##### TASK DATA
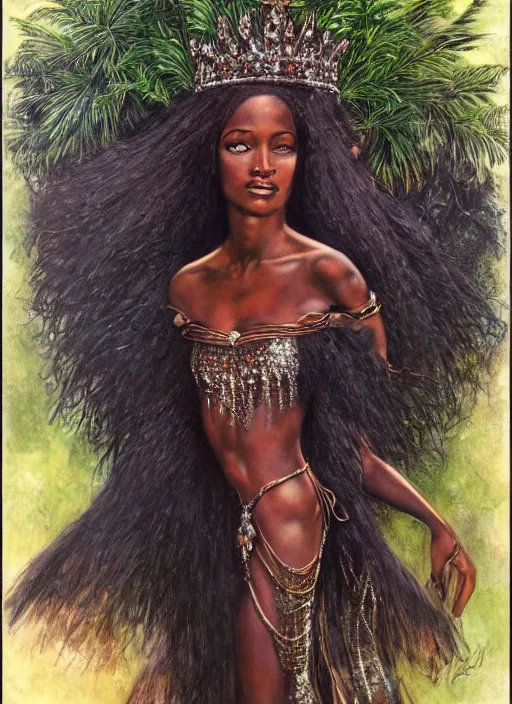 Image similar to portrait african princess, black iron crown, diamond shimmering dress, strong line, deep color, forest, beautiful! coherent! by boris vallejo, by brian froud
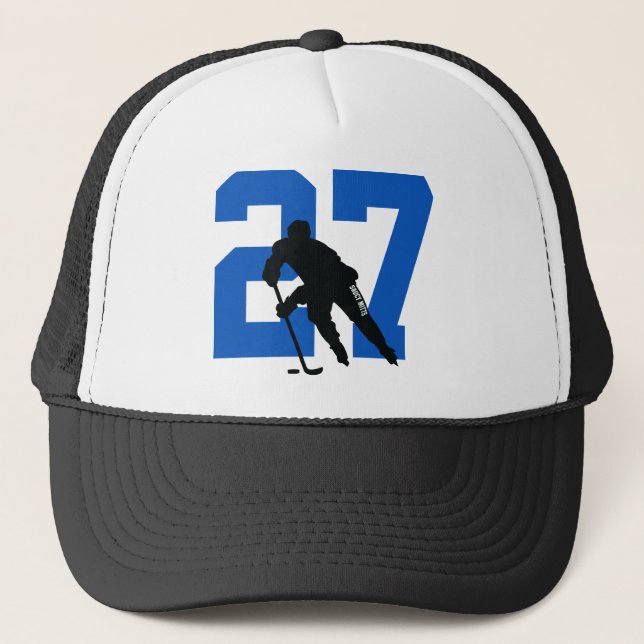 Personlig Anpassningsbar Hockey Player Number Blue Keps (Framsida)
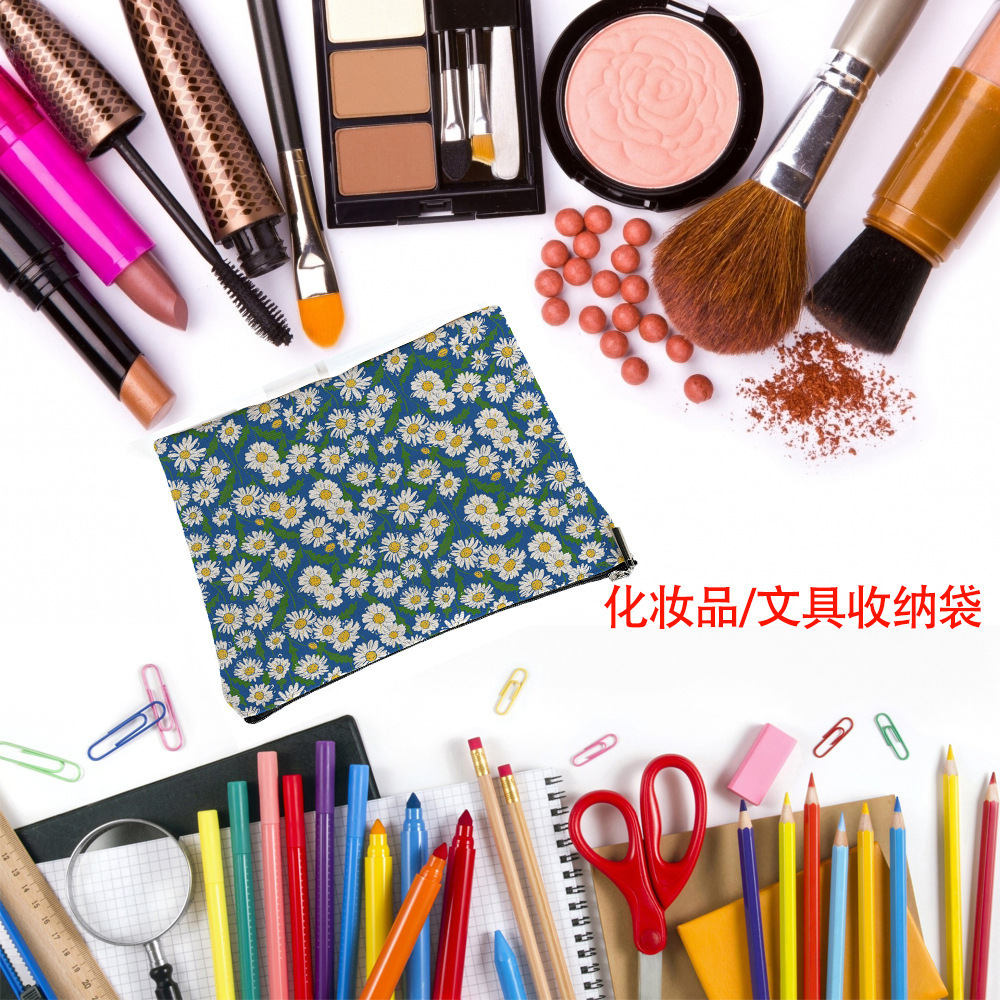 The best-selling Taylor waterproof linen cosmetic bag, loose change toiletries and portable zipper storage bag on cross-border Amazon temu details Picture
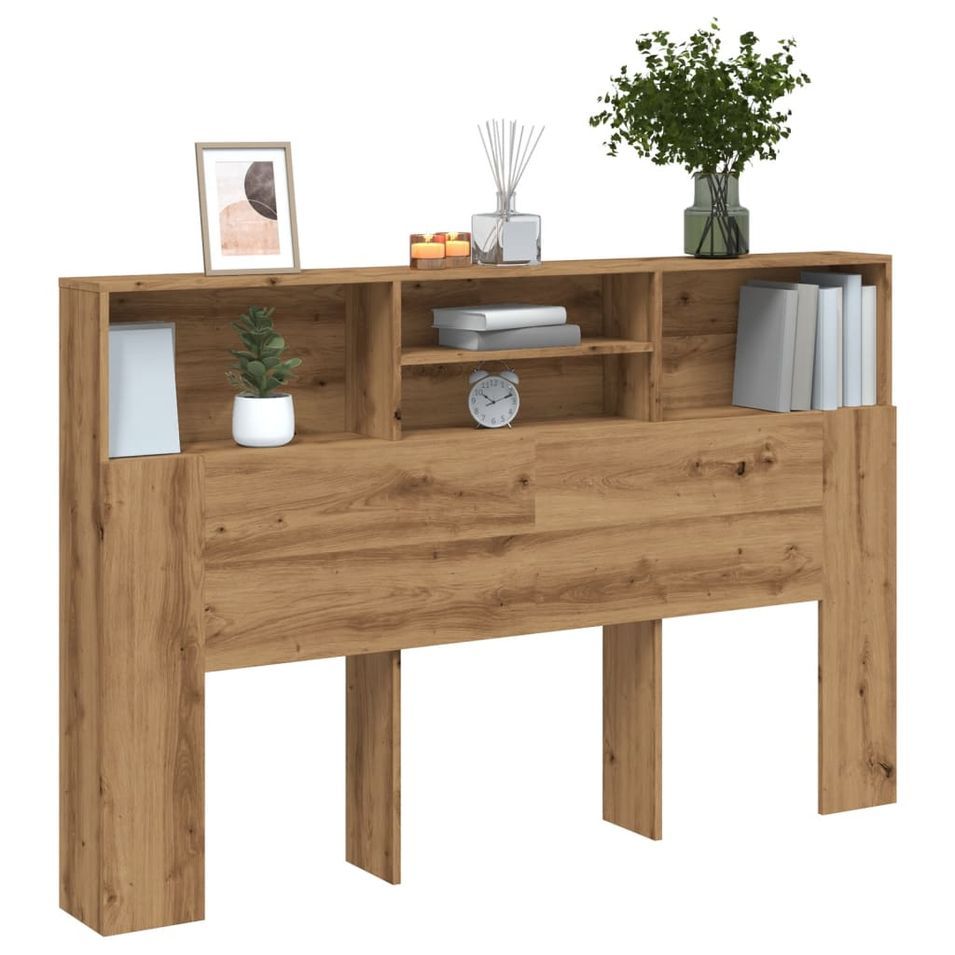 Armoire de tête de lit chêne artisanal 160x19x103,5 cm - Photo n°1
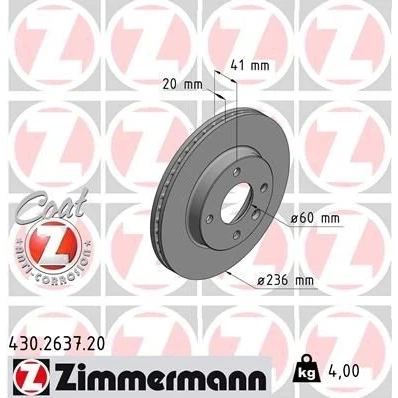 Imagen de ZIMMERMANN COAT Z 430.2637.20 Disco de freno 236 20 5/4 4 100 ventilación interna revestido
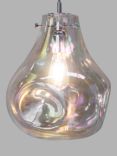 Bay Lighting Caldera Blown Glass Ceiling Light, Chrome/Iridescent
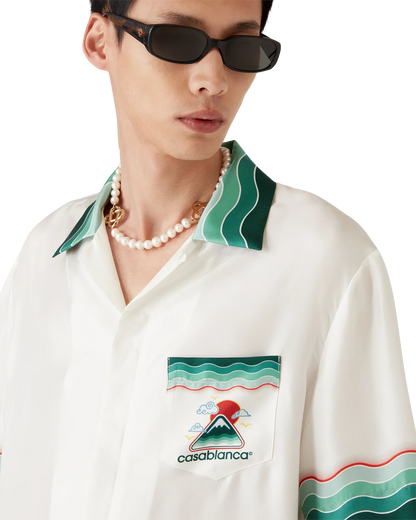 Montagne Ondulée Short Sleeve Silk Shirt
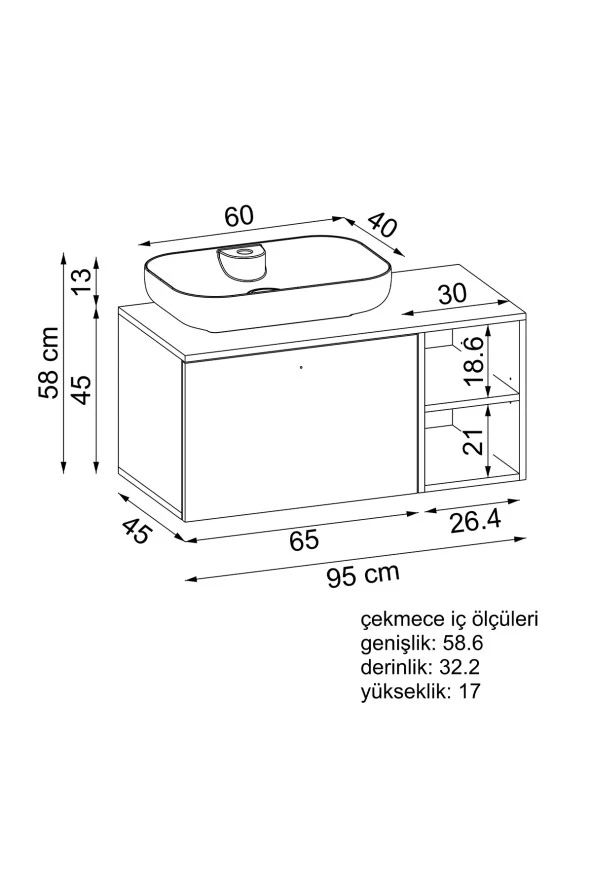 ROOMART Ayaksız Lavabolu Mdf 95 Cm Çekmeceli Lotus Oval Lavabolu Banyo Dolabı - Resim 2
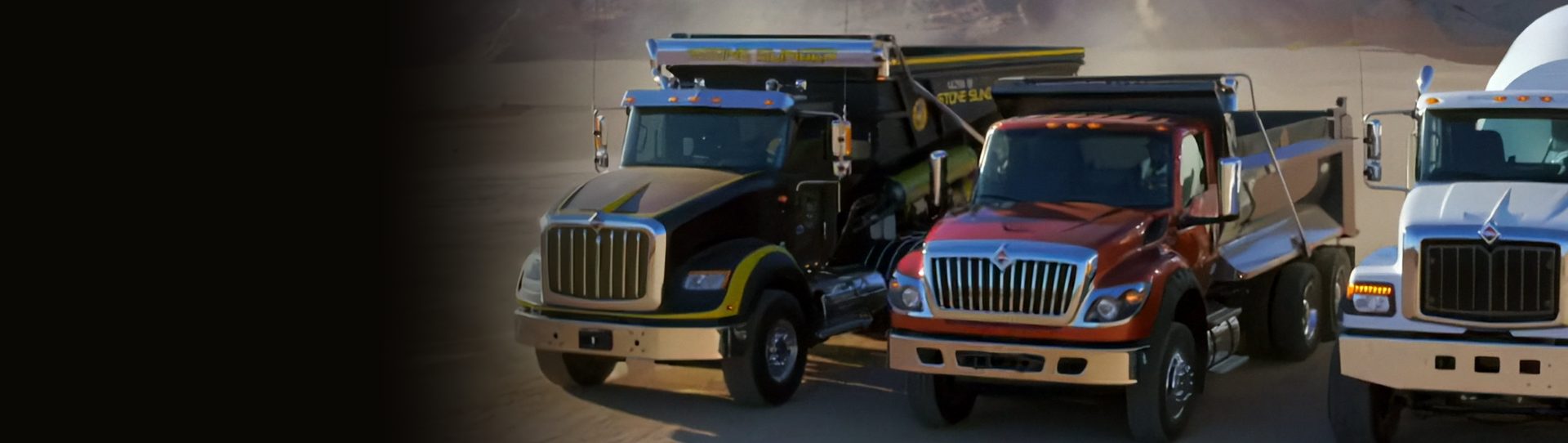 International trucks in desert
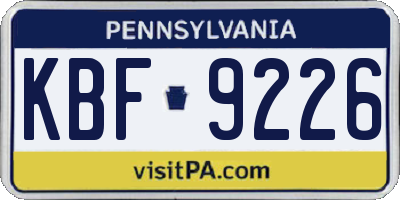 PA license plate KBF9226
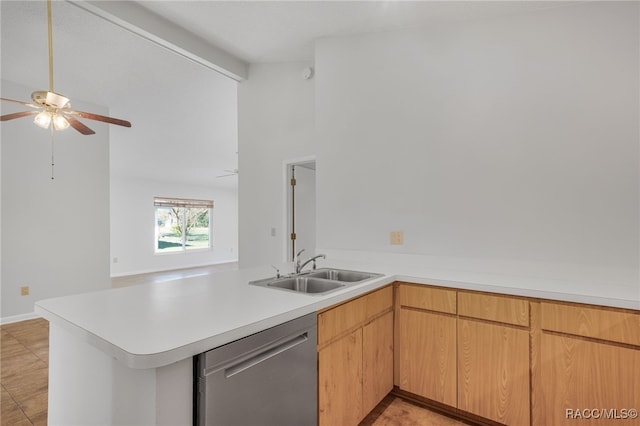 kitchen with dishwasher, a peninsula, a sink, and light countertops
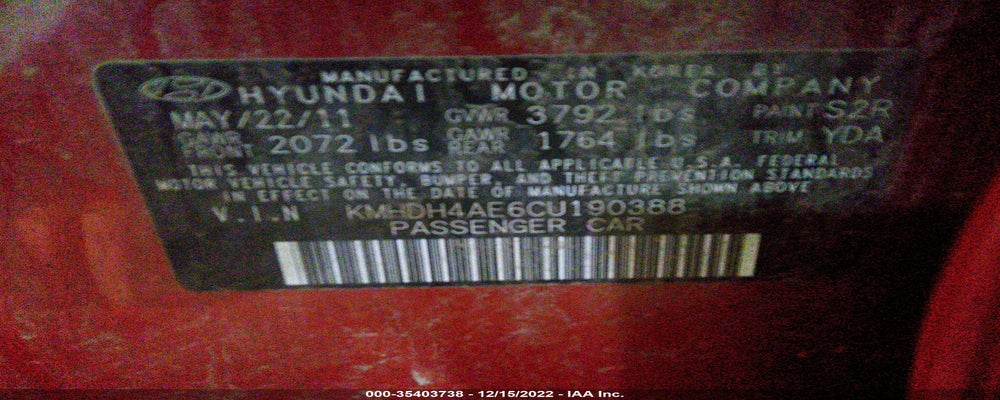 KMHDH4AE6CU190388 2012 HYUNDAI ELANTRA photo no. 9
##########
■ ASSIGNMENT
Everything in the listing should be repeated exactly except the pictures.

■ SOLUTION TO THE PROBLEM
 Image similar to portrait african princess, black iron crown, diamond shimmering dress, strong line, deep color, forest, beautiful! coherent! by boris vallejo, by brian froud
 Personlig Anpassningsbar Hockey Player Number Blue Keps (Framsida)
 The best-selling Taylor waterproof linen cosmetic bag, loose change toiletries and portable zipper storage bag on cross-border Amazon temu details Picture
 Armoire de tête de lit chêne artisanal 160x19x103,5 cm - Photo n°1
 Imagen de ZIMMERMANN COAT Z 430.2637.20 Disco de freno 236 20 5/4 4 100 ventilación interna revestido
 Bay Lighting Caldera Blown Glass Ceiling Light, Chrome/Iridescent
 Montagne Ondulée Short Sleeve Silk Shirt
 ROOMART Ayaksız Lavabolu Mdf 95 Cm Çekmeceli Lotus Oval Lavabolu Banyo Dolabı - Resim 2
 International trucks in desert
 PA license plate KBF9226
 kitchen with dishwasher, a peninsula, a sink, and light countertops
 KMHDH4AE6CU190388 2012 HYUNDAI ELANTRA photo no. 9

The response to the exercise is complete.